The full listing, start to finish: write it out again exactly.

=-=-=

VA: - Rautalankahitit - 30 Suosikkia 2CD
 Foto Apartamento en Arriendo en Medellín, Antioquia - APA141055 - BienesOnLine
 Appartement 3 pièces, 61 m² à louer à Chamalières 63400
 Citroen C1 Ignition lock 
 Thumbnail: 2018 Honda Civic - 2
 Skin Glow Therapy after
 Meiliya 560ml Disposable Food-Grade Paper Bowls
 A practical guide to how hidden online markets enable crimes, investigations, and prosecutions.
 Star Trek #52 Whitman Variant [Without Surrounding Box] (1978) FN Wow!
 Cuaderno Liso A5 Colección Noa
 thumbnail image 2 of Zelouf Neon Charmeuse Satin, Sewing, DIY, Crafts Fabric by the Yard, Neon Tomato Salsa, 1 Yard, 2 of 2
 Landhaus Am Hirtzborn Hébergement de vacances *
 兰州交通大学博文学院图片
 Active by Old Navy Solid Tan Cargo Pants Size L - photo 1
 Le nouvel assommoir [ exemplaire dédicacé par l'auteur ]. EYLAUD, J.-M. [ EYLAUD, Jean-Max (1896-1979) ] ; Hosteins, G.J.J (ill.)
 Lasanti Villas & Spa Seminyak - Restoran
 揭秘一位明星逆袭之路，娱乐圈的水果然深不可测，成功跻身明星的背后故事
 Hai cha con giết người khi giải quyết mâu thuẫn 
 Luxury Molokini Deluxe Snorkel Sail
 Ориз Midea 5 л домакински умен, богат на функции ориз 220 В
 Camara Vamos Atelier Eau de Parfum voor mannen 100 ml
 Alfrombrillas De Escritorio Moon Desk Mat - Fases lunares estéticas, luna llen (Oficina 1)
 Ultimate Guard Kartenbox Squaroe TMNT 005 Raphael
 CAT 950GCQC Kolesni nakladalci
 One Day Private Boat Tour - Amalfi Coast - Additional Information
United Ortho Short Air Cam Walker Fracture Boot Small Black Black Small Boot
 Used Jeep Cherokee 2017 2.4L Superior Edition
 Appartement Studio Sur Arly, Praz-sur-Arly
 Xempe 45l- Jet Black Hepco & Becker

=-=-=

### EXPECTED ANSWER
VA: - Rautalankahitit - 30 Suosikkia 2CD
 Foto Apartamento en Arriendo en Medellín, Antioquia - APA141055 - BienesOnLine
 Appartement 3 pièces, 61 m² à louer à Chamalières 63400
 Citroen C1 Ignition lock 
 Thumbnail: 2018 Honda Civic - 2
 Skin Glow Therapy after
 Meiliya 560ml Disposable Food-Grade Paper Bowls
 A practical guide to how hidden online markets enable crimes, investigations, and prosecutions.
 Star Trek #52 Whitman Variant [Without Surrounding Box] (1978) FN Wow!
 Cuaderno Liso A5 Colección Noa
 thumbnail image 2 of Zelouf Neon Charmeuse Satin, Sewing, DIY, Crafts Fabric by the Yard, Neon Tomato Salsa, 1 Yard, 2 of 2
 Landhaus Am Hirtzborn Hébergement de vacances *
 兰州交通大学博文学院图片
 Active by Old Navy Solid Tan Cargo Pants Size L - photo 1
 Le nouvel assommoir [ exemplaire dédicacé par l'auteur ]. EYLAUD, J.-M. [ EYLAUD, Jean-Max (1896-1979) ] ; Hosteins, G.J.J (ill.)
 Lasanti Villas & Spa Seminyak - Restoran
 揭秘一位明星逆袭之路，娱乐圈的水果然深不可测，成功跻身明星的背后故事
 Hai cha con giết người khi giải quyết mâu thuẫn 
 Luxury Molokini Deluxe Snorkel Sail
 Ориз Midea 5 л домакински умен, богат на функции ориз 220 В
 Camara Vamos Atelier Eau de Parfum voor mannen 100 ml
 Alfrombrillas De Escritorio Moon Desk Mat - Fases lunares estéticas, luna llen (Oficina 1)
 Ultimate Guard Kartenbox Squaroe TMNT 005 Raphael
 CAT 950GCQC Kolesni nakladalci
 One Day Private Boat Tour - Amalfi Coast - Additional Information
United Ortho Short Air Cam Walker Fracture Boot Small Black Black Small Boot
 Used Jeep Cherokee 2017 2.4L Superior Edition
 Appartement Studio Sur Arly, Praz-sur-Arly
 Xempe 45l- Jet Black Hepco & Becker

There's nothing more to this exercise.